= Hybrid cryptosystem =

Concept in cryptography

In cryptography, a hybrid cryptosystem is one which combines the convenience of a public-key cryptosystem with the efficiency of a symmetric-key cryptosystem. Public-key cryptosystems are convenient in that they do not require the sender and receiver to share a common secret in order to communicate securely. However, they often rely on complicated mathematical computations and are thus generally much more inefficient than comparable symmetric-key cryptosystems. In many applications, the high cost of encrypting long messages in a public-key cryptosystem can be prohibitive. This is addressed by hybrid systems by using a combination of both.

A hybrid cryptosystem can be constructed using any two separate cryptosystems:
- a key encapsulation mechanism, which is a public-key cryptosystem
- a data encapsulation scheme, which is a symmetric-key cryptosystem

The hybrid cryptosystem is itself a public-key system, whose public and private keys are the same as in the key encapsulation scheme.

Note that for very long messages the bulk of the work in encryption/decryption is done by the more efficient symmetric-key scheme, while the inefficient public-key scheme is used only to encrypt/decrypt a short key value.

== Implementations and standards ==
All practical implementations of public key cryptography today employ a hybrid system. Examples include the TLS protocol and the SSH protocol, that use a public-key mechanism for key exchange (such as Diffie-Hellman) and a symmetric-key mechanism for data encapsulation (such as AES). The OpenPGP file format and the PKCS#7 file format are other examples.

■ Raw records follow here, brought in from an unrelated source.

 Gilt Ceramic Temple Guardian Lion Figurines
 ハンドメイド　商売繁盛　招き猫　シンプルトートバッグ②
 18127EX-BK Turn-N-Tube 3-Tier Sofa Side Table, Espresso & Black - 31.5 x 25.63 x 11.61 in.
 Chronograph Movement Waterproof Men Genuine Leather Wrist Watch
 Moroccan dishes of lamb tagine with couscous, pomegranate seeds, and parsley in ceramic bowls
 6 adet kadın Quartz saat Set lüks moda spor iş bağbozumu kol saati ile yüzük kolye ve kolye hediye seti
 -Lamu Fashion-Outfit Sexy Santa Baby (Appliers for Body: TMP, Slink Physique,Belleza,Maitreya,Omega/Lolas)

Hybrid Public Key Encryption (HPKE, published as RFC 9180) is a modern standard for generic hybrid encryption. HPKE is used within multiple IETF protocols, including Messaging Layer Security (MLS), Oblivious DNS over HTTPS, Oblivious HTTP, Privacy Preserving Measurement, and TLS Encrypted Client Hello.

Envelope encryption is an example of a usage of hybrid cryptosystems in cloud computing. In a cloud context, hybrid cryptosystems also enable centralized key management.

== Example ==
To encrypt a message addressed to Alice in a hybrid cryptosystem, Bob does the following:
1. Obtains Alice's public key.
2. Generates a fresh symmetric key for the data encapsulation scheme.
3. Encrypts the message under the data encapsulation scheme, using the symmetric key just generated.
4. Encrypts the symmetric key under the key encapsulation scheme, using Alice's public key.
5. Sends both of these ciphertexts to Alice.

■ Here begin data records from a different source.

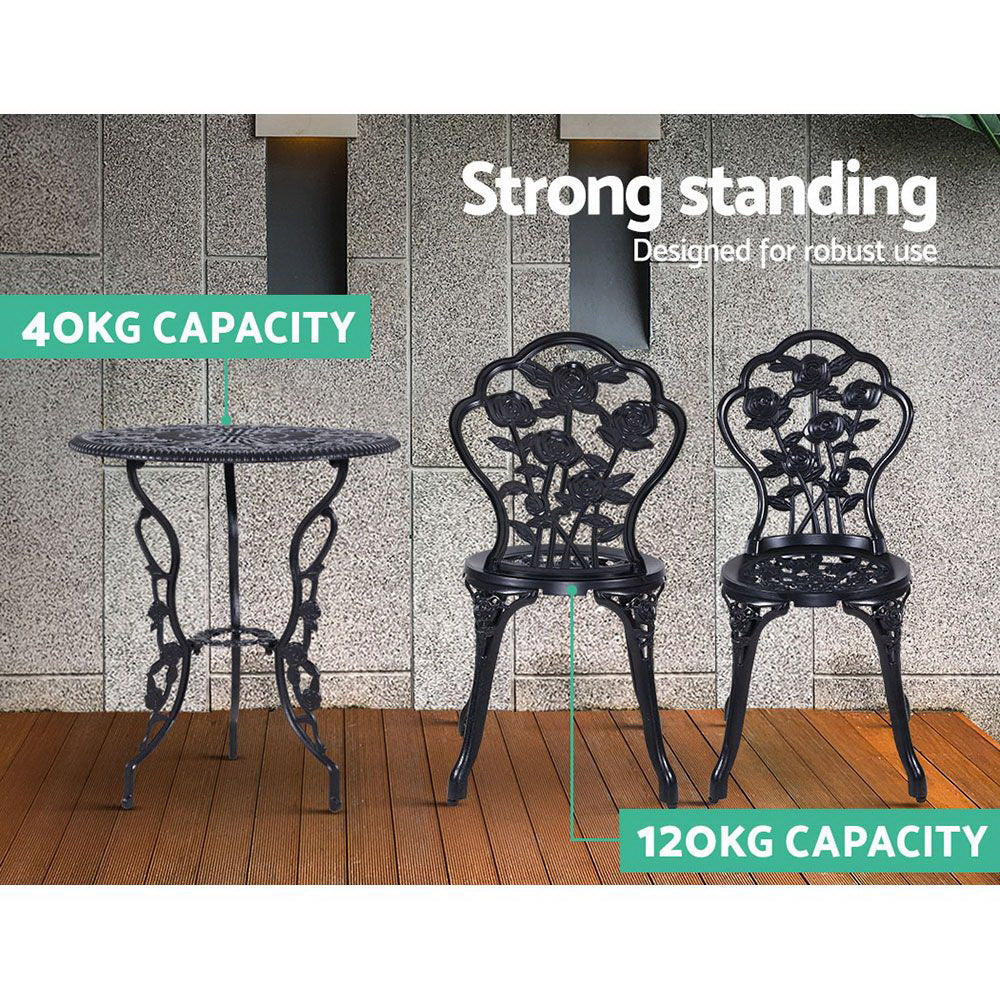 Gardeon 3PC Outdoor Setting Cast Aluminium Bistro Table Chair Patio Black freeshipping - Awezingly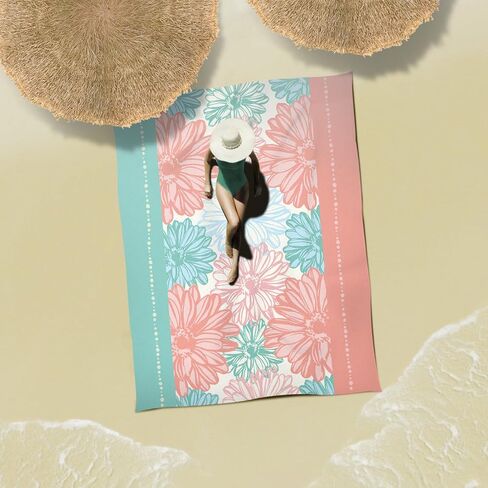 بطانية شاطئ ناعمة مضاءة بنور الشمس مقاس 106 بوصة × 81 بوصة مقاومة للرمل، سجادة شاطئ خالية من الرمال مع جيب زاوية وحقيبة شبكية لحفلات الشاطئ والسفر والتخييم ومهرجان الموسيقى في الهواء الطلق، أزرق وردي in Kuwait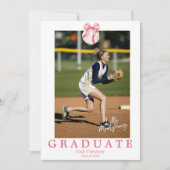 Coquette Baseball Bow Abschluss Ankündigung (Vorderseite)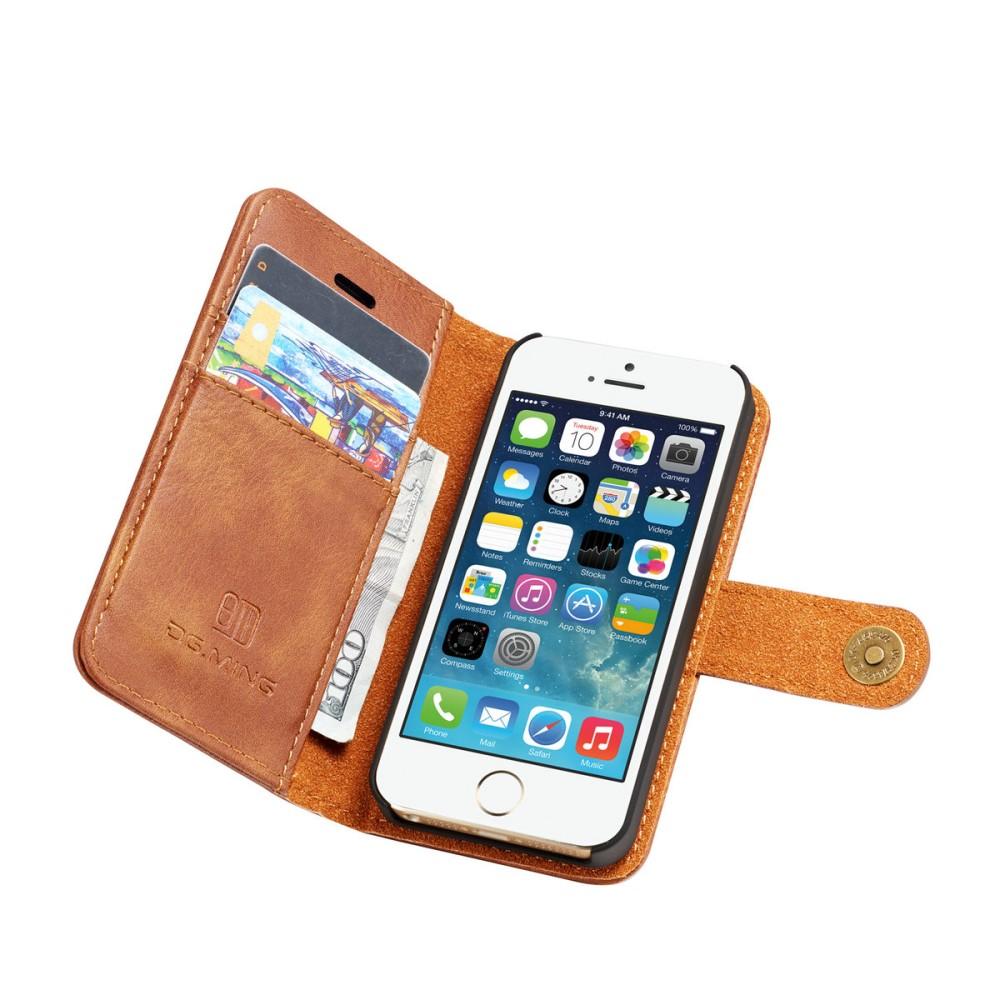 iPhone 5/5S/SE Magnet Wallet Cognac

To decrypt this hybrid ciphertext, Alice does the following:
1. Uses her private key to decrypt the symmetric key contained in the key encapsulation segment.
2. Uses this symmetric key to decrypt the message contained in the data encapsulation segment.

==Security==

If both the key encapsulation and data encapsulation schemes in a hybrid cryptosystem are secure against adaptive chosen ciphertext attacks, then the hybrid scheme inherits that property as well. However, it is possible to construct a hybrid scheme secure against adaptive chosen ciphertext attacks even if the key encapsulation has a slightly weakened security definition (though the security of the data encapsulation must be slightly stronger).

== Envelope encryption ==
Envelope encryption is term used for encrypting with a hybrid cryptosystem used by all major cloud service providers, often as part of a centralized key management system in cloud computing.

Envelope encryption gives names to the keys used in hybrid encryption: Data Encryption Keys (abbreviated DEK, and used to encrypt data) and Key Encryption Keys (abbreviated KEK, and used to encrypt the DEKs). In a cloud environment, encryption with envelope encryption involves generating a DEK locally, encrypting one's data using the DEK, and then issuing a request to wrap (encrypt) the DEK with a KEK stored in a potentially more secure service. Then, this wrapped DEK and encrypted message constitute a ciphertext for the scheme. To decrypt a ciphertext, the wrapped DEK is unwrapped (decrypted) via a call to a service, and then the unwrapped DEK is used to decrypt the encrypted message. In addition to the normal advantages of a hybrid cryptosystem, using asymmetric encryption for the KEK in a cloud context provides easier key management and separation of roles, but can be slower.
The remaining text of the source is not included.